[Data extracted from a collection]
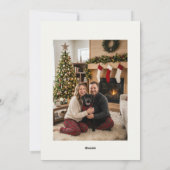 私たちの家からあなたの家へ クリスマス ホリデーカード (裏面)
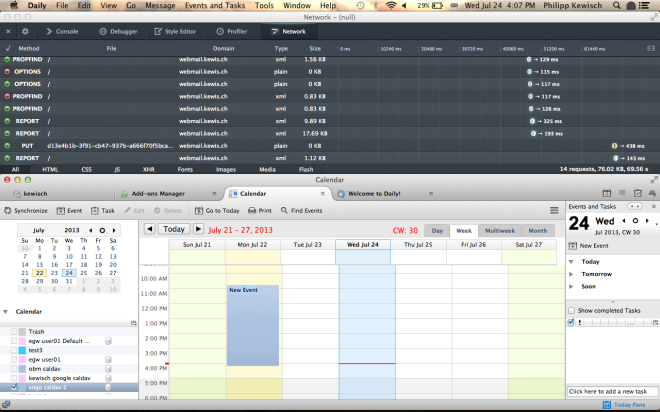 Devtools Network Monitor in Action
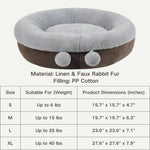 Winter Decorative Pom - Poms Plush Pet Bed with Thick Padding - GreenFur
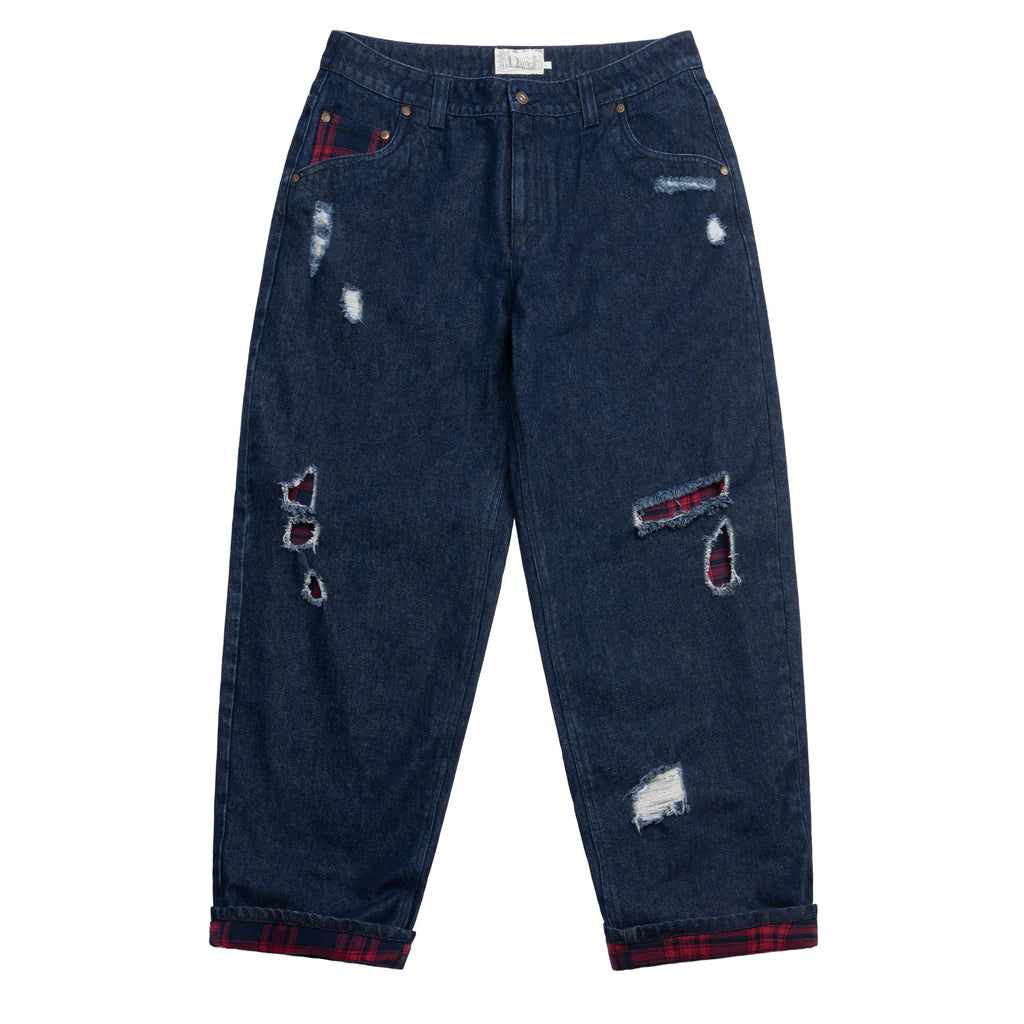 Dime Secret Baggy Denim Pants - Geometric Skateshop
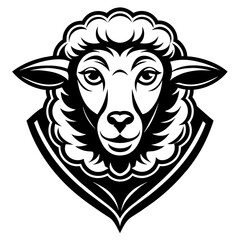 sheep head mascot,sheep silhouette,vector,icon,svg,characters,Holiday t shirt,black sheep drawn trendy logo Vector illustration,sheep on a white background,eps,png
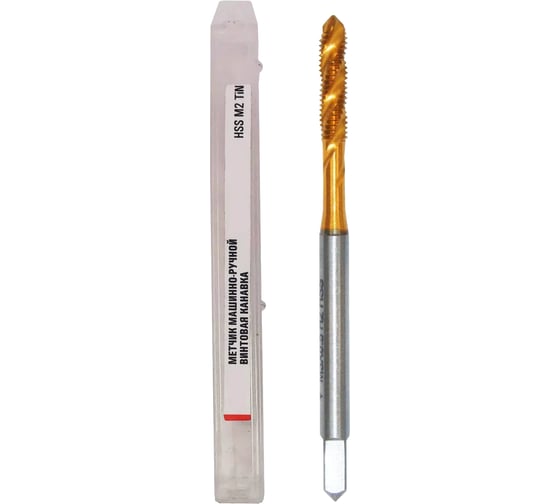 Изображение товара Метчик M14x1,5 HSS M2 TiN спиральный ПрофОснастка №450 арт. 50221050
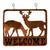 Deer Duo Metal Welcome Sign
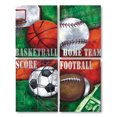 thumbnail image 1 of Green and Orange Basketball Baseball Football Soccer Child Decor; 4 - 11" x 14" Posters, 1 of 3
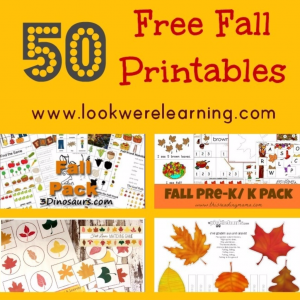 Free Fall Printables for Kids - Look! We're Learning!
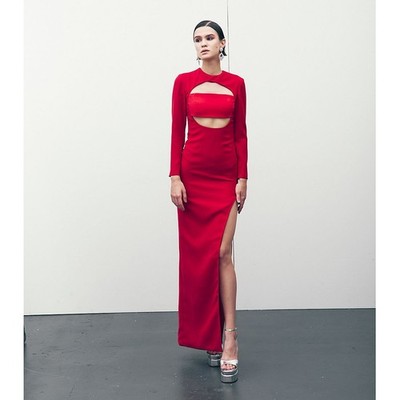 Joanna Laura Constantine Maxikleid in Rot UVP 360£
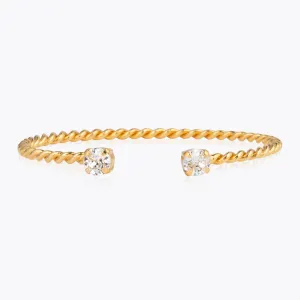 Mini Twisted Bracelet / Crystal Caroline Svedbom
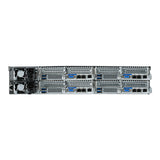 GIGABYTE H252-Z10 server barebone Socket SP3 Rack (2U) Black, Grey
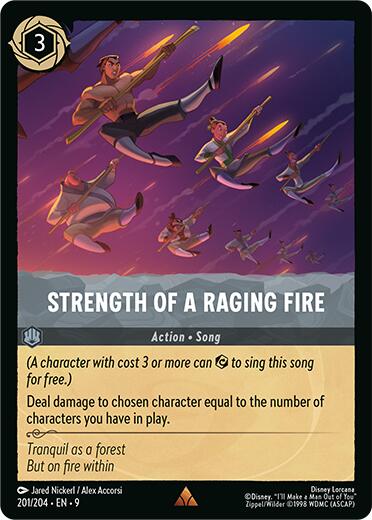 Strength of a Raging Fire (201/204) [Fabled] Lorcana Single Disney | Red Claw Gaming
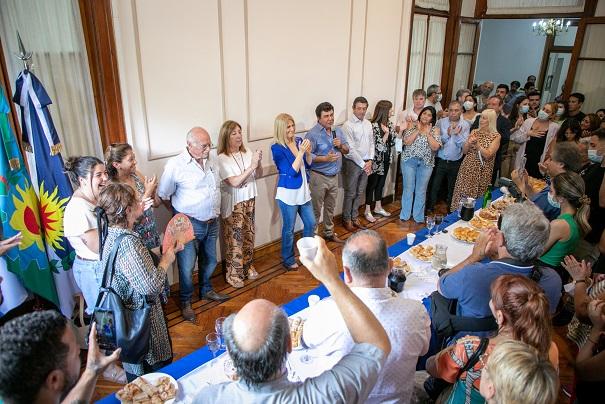 Fernando Espinoza y Verónica Magario encabezaron el encuentro de Fin de Año en La Matanza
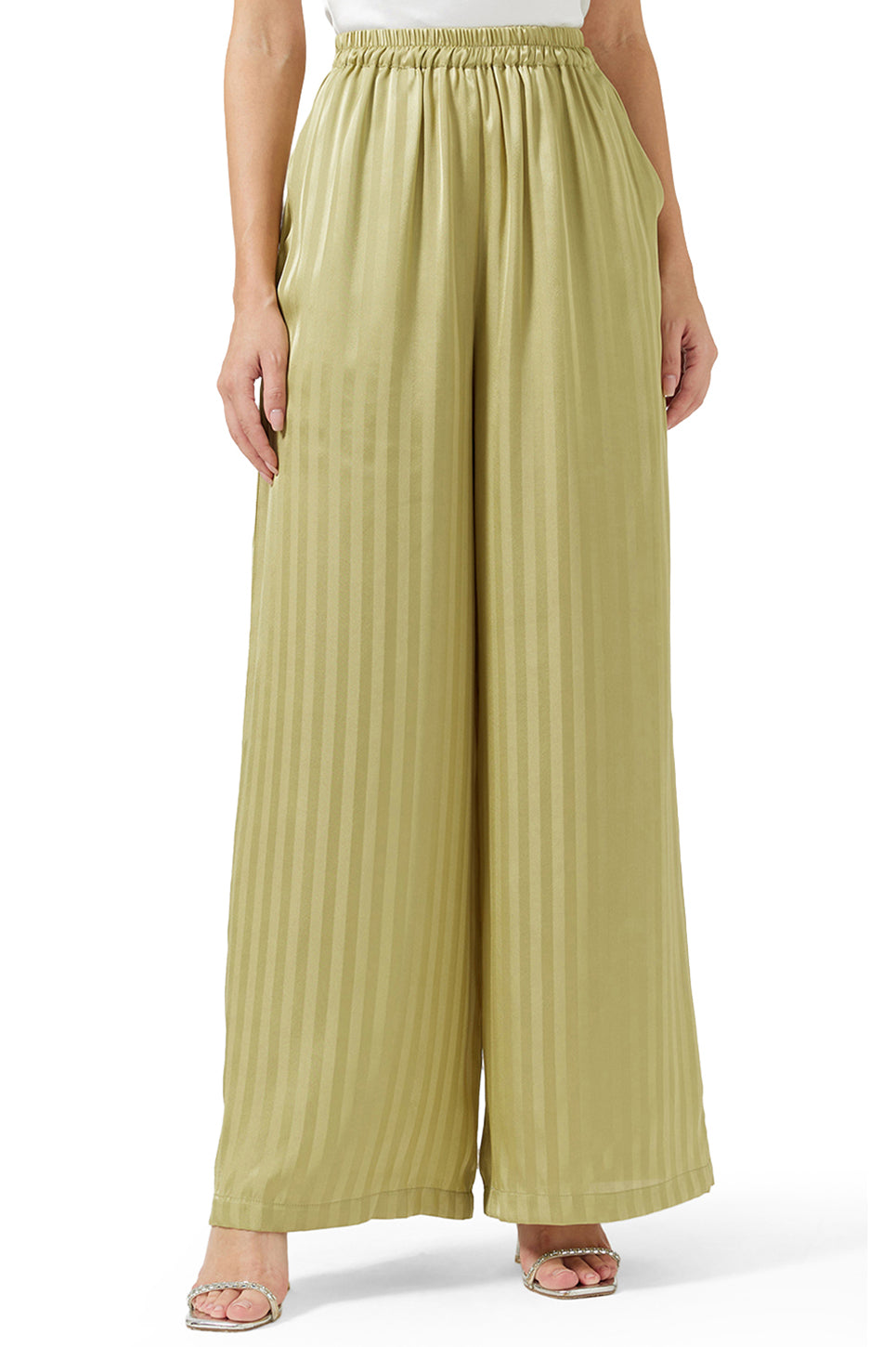 Satin Wide Leg Pants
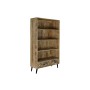 Scaffale DKD Home Decor Nero Metallo Marrone scuro Legno di mango 100 x 40 x 180 cm di DKD Home Decor, Unità di mensole - Rif...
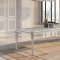 Evangeline Dining Table 107551 Silver Oak by Coaster w/Options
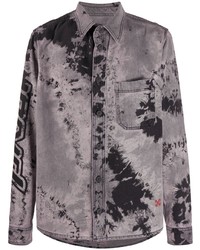 Grey Tie-Dye Denim Shirt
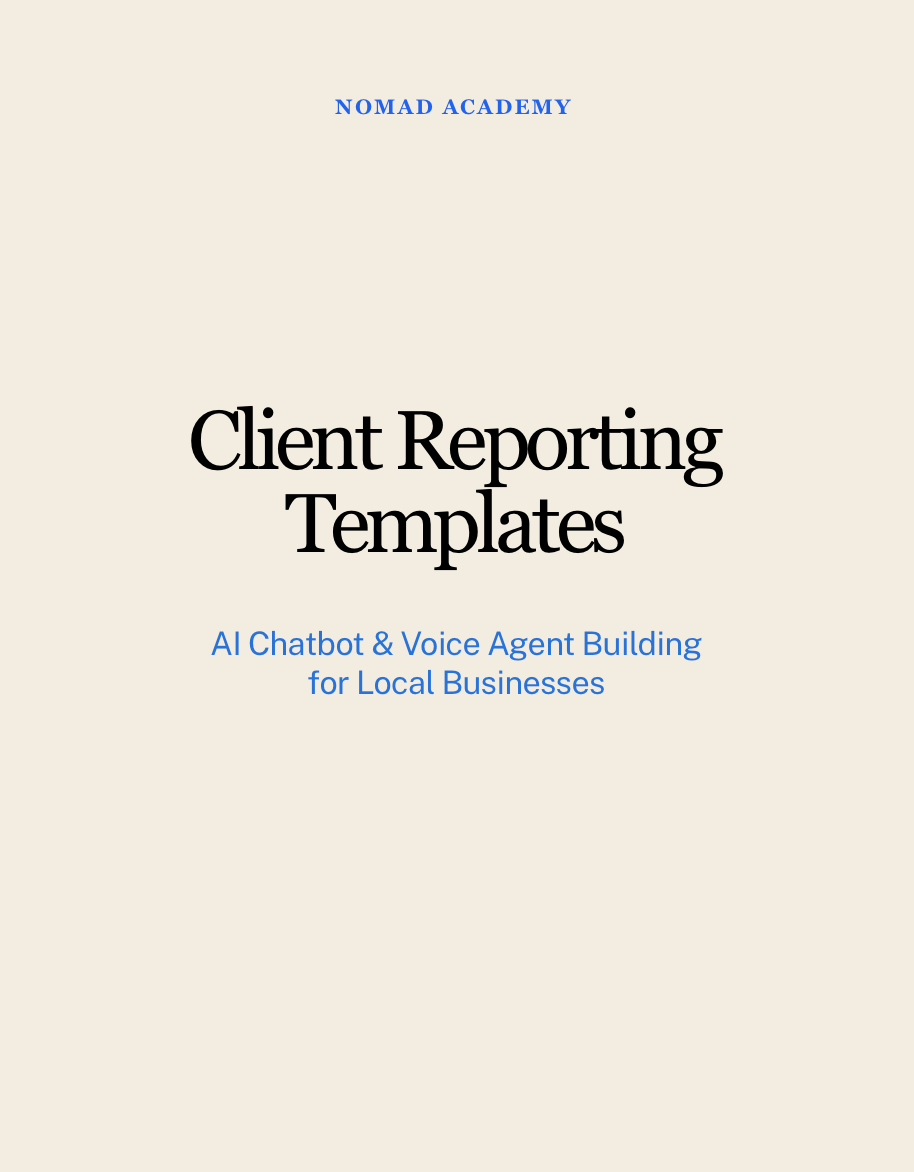 Client Reporting Templates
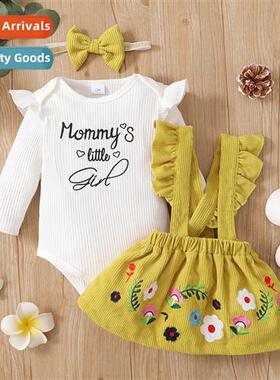 Girls Spring  Autumn 2021 new n lg-sleeved letter print top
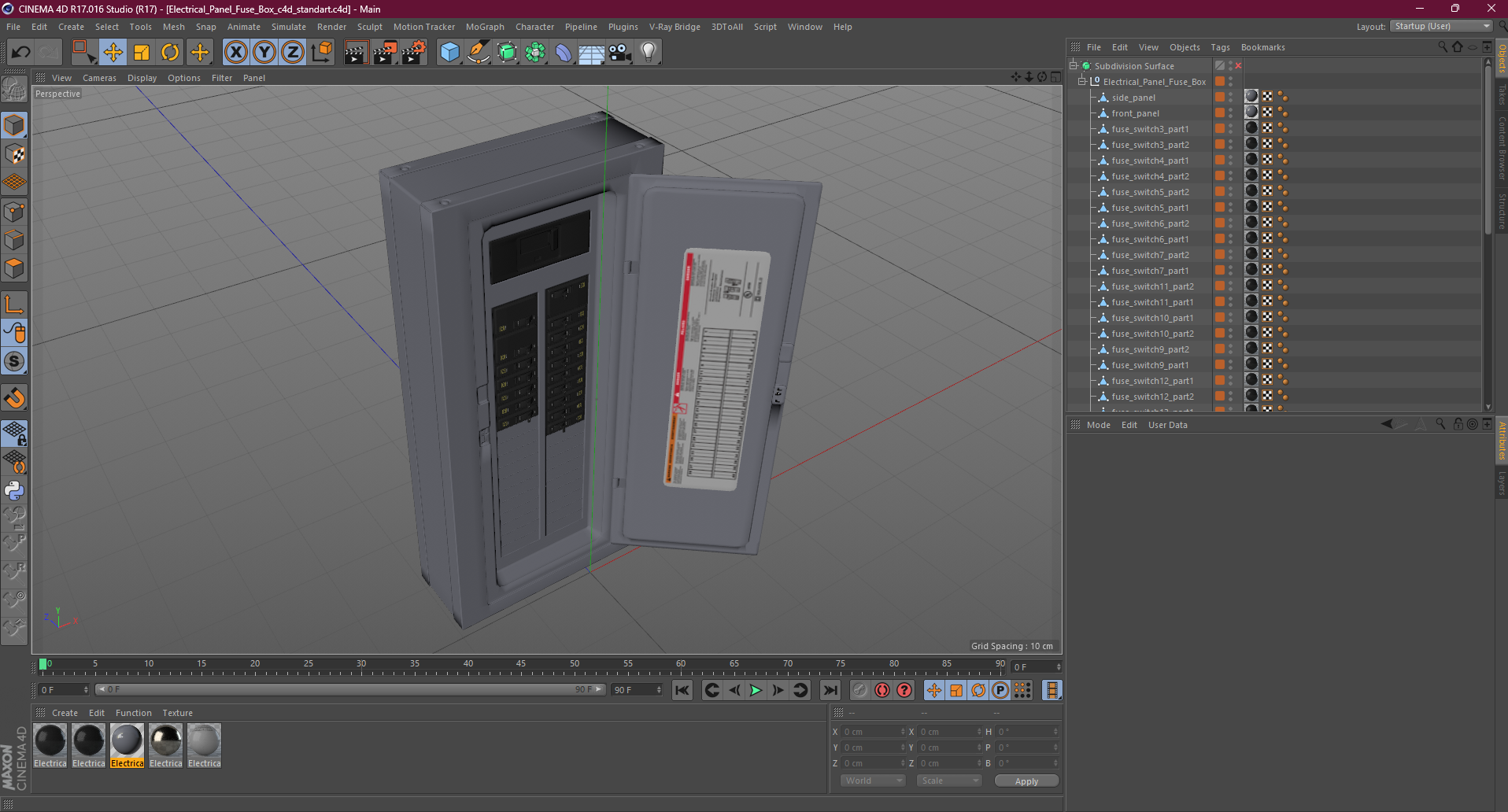 3D model Electrical Panel Fuse Box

• WHAT NEEDS TO BE DONE: Begin at the first line of the entries above and return each line exactly, stopping after the line that contains "thumbnail image 1". Pictures do not belong in the copy.

• ANSWER FOR THE TASK:
 私たちの家からあなたの家へ クリスマス ホリデーカード (裏面)
 Devtools Network Monitor in Action
 Winter Decorative Pom - Poms Plush Pet Bed with Thick Padding - GreenFur
 Dime Secret Baggy Denim Pants - Geometric Skateshop
 sheep head mascot,sheep silhouette,vector,icon,svg,characters,Holiday t shirt,black sheep drawn trendy logo Vector illustration,sheep on a white background,eps,png
 Изображение товара Метчик M14x1,5 HSS M2 TiN спиральный ПрофОснастка №450 арт. 50221050
 Deer Duo Metal Welcome Sign
 thumbnail image 1 of Green and Orange Basketball Baseball Football Soccer Child Decor; 4 - 11" x 14" Posters, 1 of 3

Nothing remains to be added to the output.